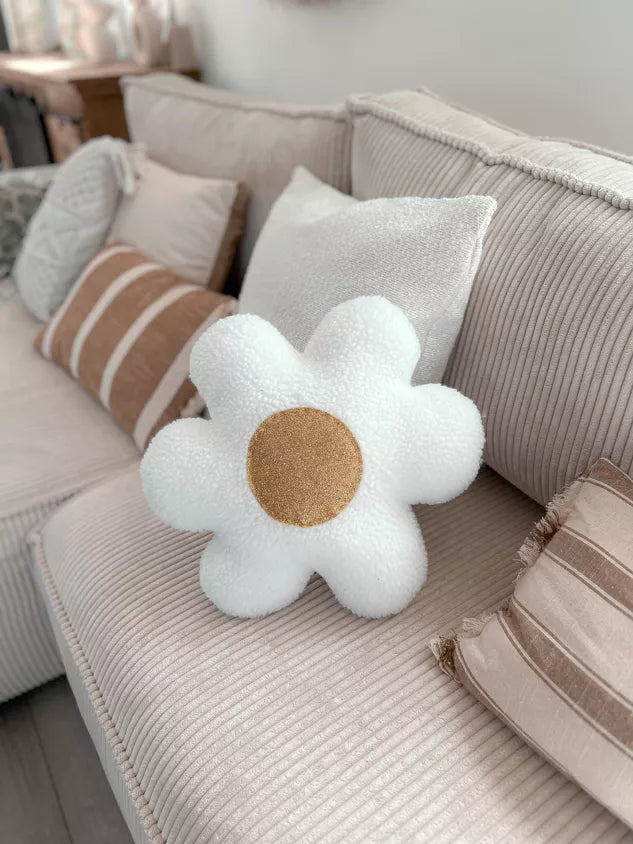 Coussin Marguerite - Fait Main
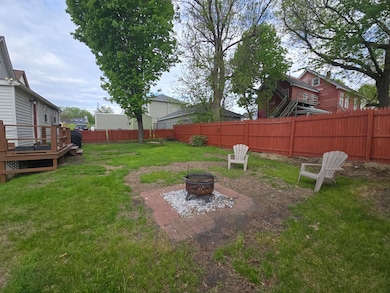 Fenced In Backyard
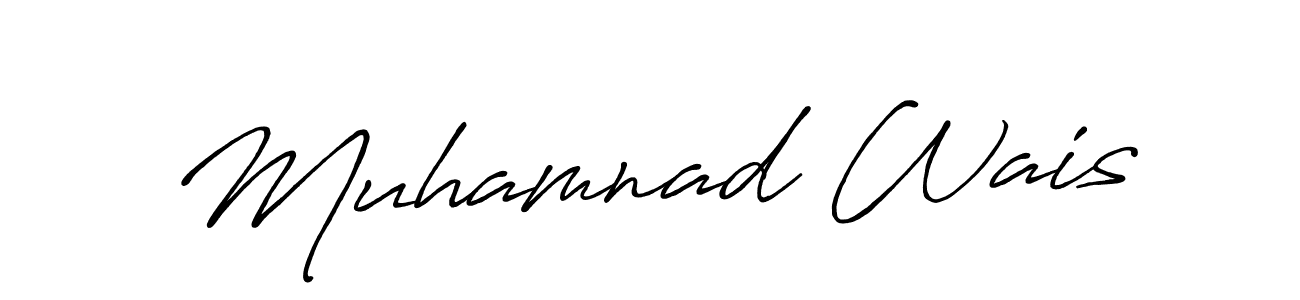 Here are the top 10 professional signature styles for the name Muhamnad Wais. These are the best autograph styles you can use for your name. Muhamnad Wais signature style 7 images and pictures png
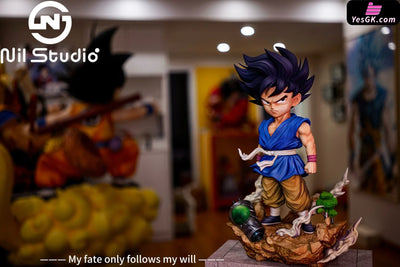 Dragon Ball Gt Trio #1 Goku GK Statue - Nil Studio [Pre-Order] Deposit / 1/4 Scale Dragon Ball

WHAT IS NEEDED: Print out the whole listing word for word. Leave the pictures out.

ANSWER TO THE EXERCISE:
 Coussin Marguerite - Fait Main
 Fenced In Backyard
 Here are the top 10 professional signature styles for the name Muhamnad Wais. These are the best autograph styles you can use for your name. Muhamnad Wais signature style 7 images and pictures png
 Dragon Ball Gt Trio #1 Goku GK Statue - Nil Studio [Pre-Order] Deposit / 1/4 Scale Dragon Ball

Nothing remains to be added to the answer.